Il fantasma di Castelvetrano sarebbe stato presente, invece, sul territorio. Si spostava con le auto intestate a insospettabili, si affidava ai suoi fedelissimi nel territorio, e faceva da paciere.
E’ quanto emerge nell’ultima operazione dei Ros coordinati dalla procura di Palermo che ha portato in carcere altri tre fiancheggiatori che hanno aiutato direttamente la latitanza del capomafia arrestato il 16 gennaio 2023 e morto otto mesi dopo.
In particolare la decisione di comprare un’auto e spostarsi autonomamente, con la falsa identità di Massimo Gentile, sarebbe scaturita dalla necessità di intervenire direttamente in alcune questioni.
“Proprio nel periodo nel quale decideva di acquistare la vettura, novembre 2014, e di fare ricorso all'identità di Gentile Massimo, Messina Denaro Matteo gestiva l'intera associazione mafiosa "sul campo", affrontando un momento di grande fibrillazione, proprio perché Cosa nostra trapanese in quei mesi era stata praticamente decimata da una ondata di arresti, tra i quali - per importanza - certamente quelli del dicembre 2013 che avevano coinvolto anche la sorella del latitante. Patrizia, ed il nipote prediletto Guttadauro Francesco, oltre a cugini e altri familiari a lui strettamente legati”. E’ quanto scrive il Gip Alfredo Montalto nell’ordinanza di arresto di Massimo Gentile, Cosimo Leone e Leonardo Gulotta.

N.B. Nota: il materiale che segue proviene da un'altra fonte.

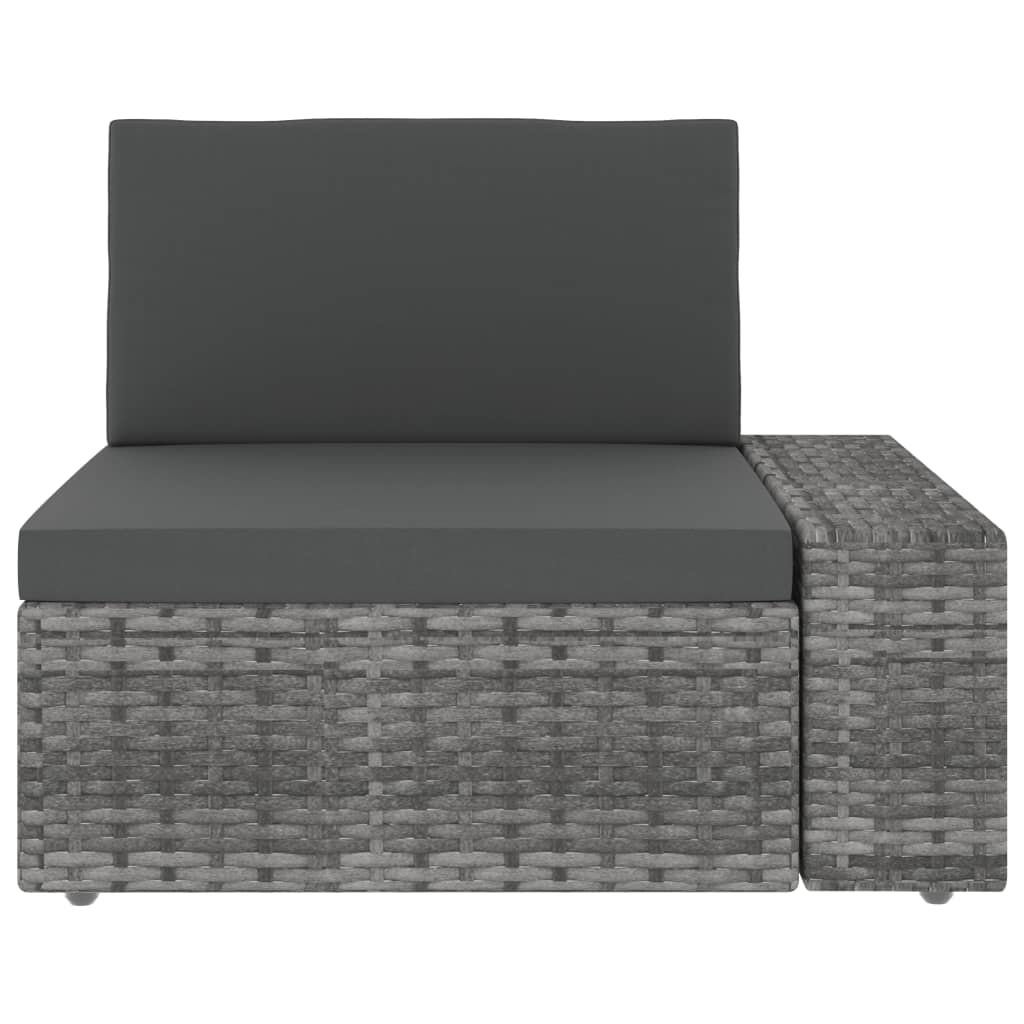 vidaXL 8-tlg. Garten-Lounge-Set Poly Rattan Grau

Matteo Messina Denaro “nonostante gli arresti di familiari stretti teneva in piedi un selezionatissimo gruppetto di uomini d’onore per continuare ad esercitare attraverso il loro prezioso contributo lo scambio di pizzini, il ruolo di assoluto vertice di Cosa nostra. Uomini d’onore che saranno arrestati il 5 agosto del 2015”. Il riferimento è a quanto scoperto nell’operazione Ermes, che ha smantellato la rete di postini di Matteo Messina Denaro.
Qualche tempo dopo c’è l’operazione Visir che disarticola la famiglia mafiosa di Marsala, fa luce sulle faide interne che rischiavano di portare ad una guerra di mafia nel 2014. Messina Denaro non aveva alcun interesse ad alzare l’attenzione, ma bisognava tenere il silenzio, non fare rumore. E sarebbe intervenuto direttamente nel dirimere alcune questioni evitando, così, una nuova guerra di mafia a Marsala, 20 anni dopo aver partecipato, lui stesso, alla guerra di mafia della città lilibetana nella quale il suo gruppo di fuoco sterminò gli oppositori dei corleonesi.

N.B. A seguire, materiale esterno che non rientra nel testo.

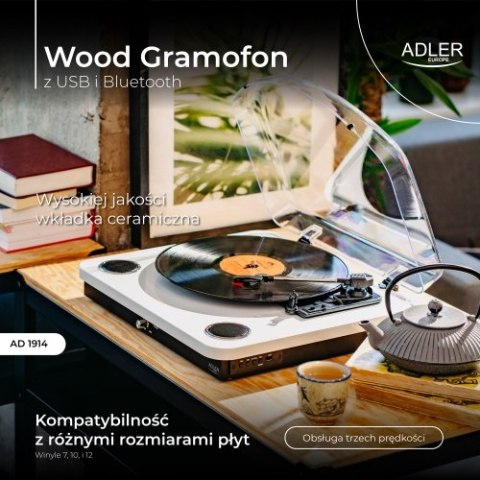 Adler Gramofon z USB i Bluetooth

Nell’inchiesta Visir sono stati ricostruiti i passaggi di quei dissidi, e il ruolo che ebbe Messina Denaro. C’è Nicolò Sfraga, condannato in via definitiva per mafia, che viene intercettato dai carabinieri. Ad altri indagati racconta di un summit in cui sarebbe stato presente Matteo Messina Denaro. Dal boss di Castelvetrano sarebbe arrivato l’ordine di non sparare, di stare calmi. La riunione si era tenuta a fine 2014. “C’erano tutti, salemitani, c’erano tutti! C’era una stanza piena, un pagghiaro pieno”, racconta Sfraga. E poi dice che proprio Matteo Messina Denaro aveva dato l’ordine di tenere tutto in silenzio “perchè c’è un esercito intero”. Il boss avrebbe fatto capire che avrebbe avuto a disposizione un esercito di fuoco pronto a intervenire. Bisognava insomma evitare di fare rumore, anche perchè si era in un momento storico molto critico per le famiglie mafiose della provincia di Trapani. A cominciare proprio dai Messina Denaro, colpiti pochi mesi prima dagli arresti dei nipoti e della sorella del boss, oltre che di altri suoi fedelissimi.
Un boss che si trovava “in zona”, a fare una vita tranquilla, che non voleva venisse disturbata.